En posant des questions comme « Qu’avez-vous ressenti lorsque vous avez appris ce qui se passait ? Quelles manifestations corporelles avez-vous pu observer ? Par quelles émotions vous souvenez-vous avoir été traversé(e) ? Qu’est ce que ces évènements vous font vivre? », je souhaitais explorer non les pensées – idées, opinions, valeurs, croyances, etc – mais les ressentis, hors toute considération politique sur les évènements en eux-mêmes.
Les notions de chaos et de sidération se sont peu à peu imposées comme figures émergentes des récits, me conduisant à mettre au travail la question suivante : en quoi le chaos extérieur résonne-t-il avec le chaos intérieur ? Autrement dit, quelle expérience antérieure actualise-t-il ? Ou encore : que sais-je déjà du chaos qui me fait le reconnaître ? De même qu’il s’agissait moins d’obtenir des souvenirs précis que de repérer des traces, le propos ici n’est pas de rapporter en tant que tels les contenus mis à jour mais de relever quelques traits saillants.
Dans cette expérience chaotique, tout se passe comme si rien de ce qui était connu, certain, établi (ou considéré comme tels) ne « tenait plus debout », dans une confrontation brutale et parfois terrifiante avec l’arbitraire.
Le sujet vit quelque chose qui le dépasse, lui fait violence et le blesse dans des proportions si considérables que ses capacités psychomotrices peuvent être momentanément suspendues (sidération) ou désorganisées (confusion) : déconnexion d’avec les ressentis et émotions, désorientation spatiale, troubles de l’attention, difficultés de raisonnement, etc
Quelques phrases entendues en séance l’illustrent :
« quand j’ai entendu les infos à la radio je n’ai pas compris, j’ai dû écouter plusieurs fois pou comprendre ce que j’entendais, pour admettre que c’était réel »
« ça a fait comme un blanc dans ma tête, je suis restée un moment sans pouvoir parler ou bouger »
« j’étais en voiture, j’ai pilé sans m’en rendre compte et après je n’arrivais pas à redémarrer, je n’arrêtais pas de caler »
« j’ai eu très froid , tout de suite »
« j’ai raté ma station de métro, ça ne m’arrive jamais ! »
« impossible de me concentrer, je n’ai pas vraiment travaillé pendant plusieurs jours »
« j’ai carrément oublié un rendez-vous … »

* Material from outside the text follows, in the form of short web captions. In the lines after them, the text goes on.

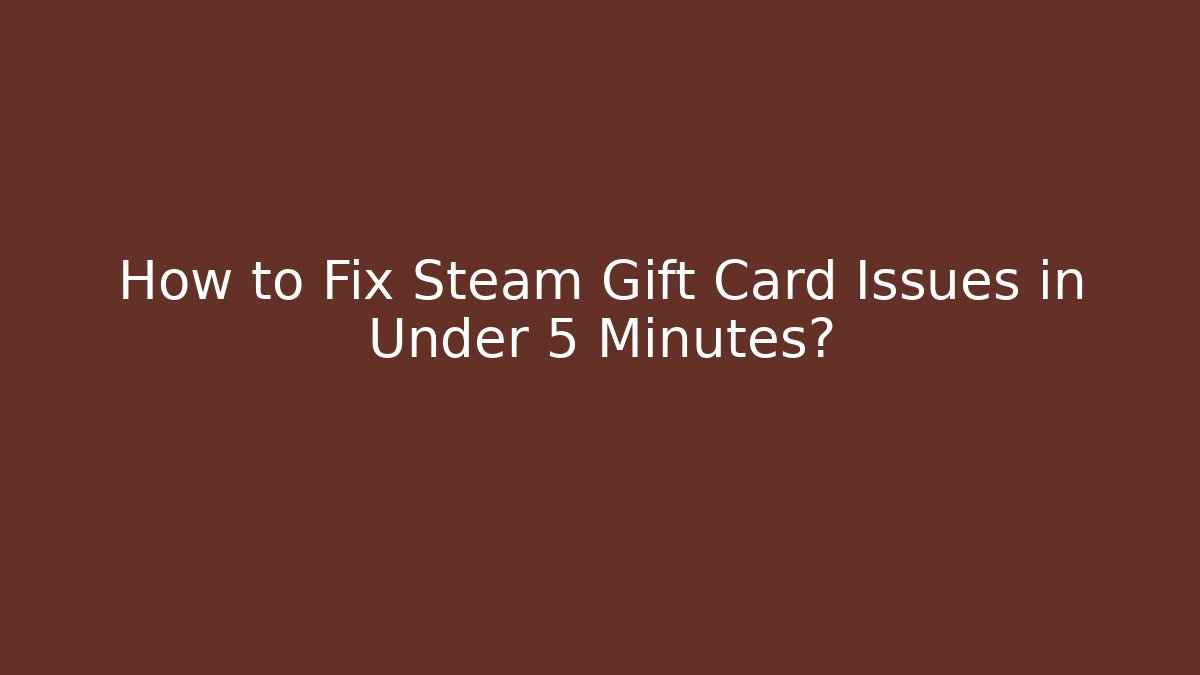 How to Fix Steam Gift Card Issues in Under 5 Minutes?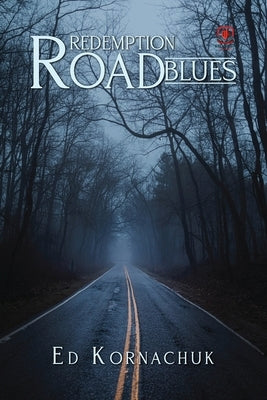 Redemption Road Blues by Kornachuk, Ed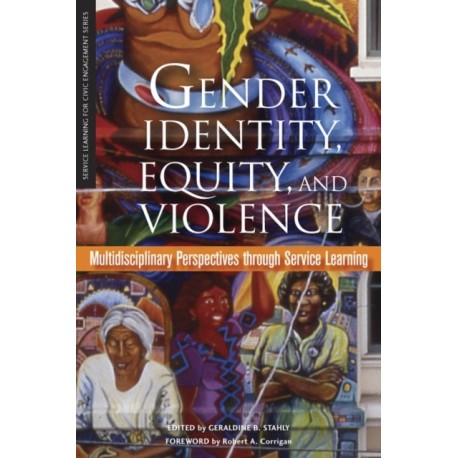Gender Identity, Equity, and Violence: Multidisciplinary Perspectives Through Service Learning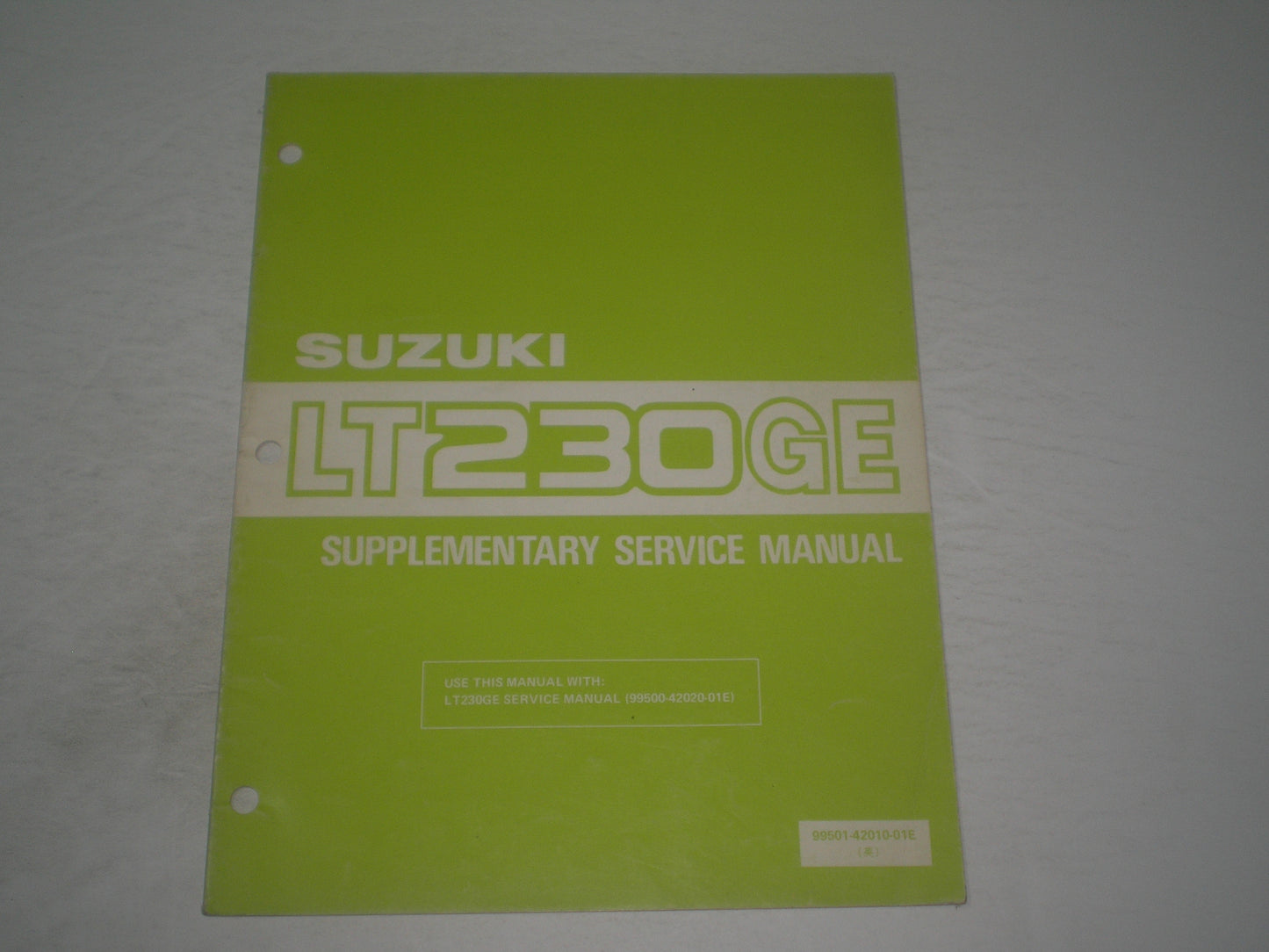 SUZUKI LT230GE G Quadrunner ATV 1986 Service Manual Supplement 99501-42010-01E #1908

Dans les jours et les semaines qui ont suivi les choses se sont peu à peu remises à l’ordinaire, chacun effectuant ce que j’appelle sa « cuisine interne » afin de s’ajuster au réel : exprimer (ou non) ses émotions et opinions, participer (ou non) aux rassemblements, discuter (ou non) avec ses proches, ses collègues, etc.
Ces désordres intérieurs, ces vacillements, apparemment insignifiants au regard des drames qui les ont provoqué, parlent de notre vulnérabilité d’êtres vivants donc mortels, de notre impuissance face à cette condition et de la violence qui nous est faite d’en avoir la connaissance.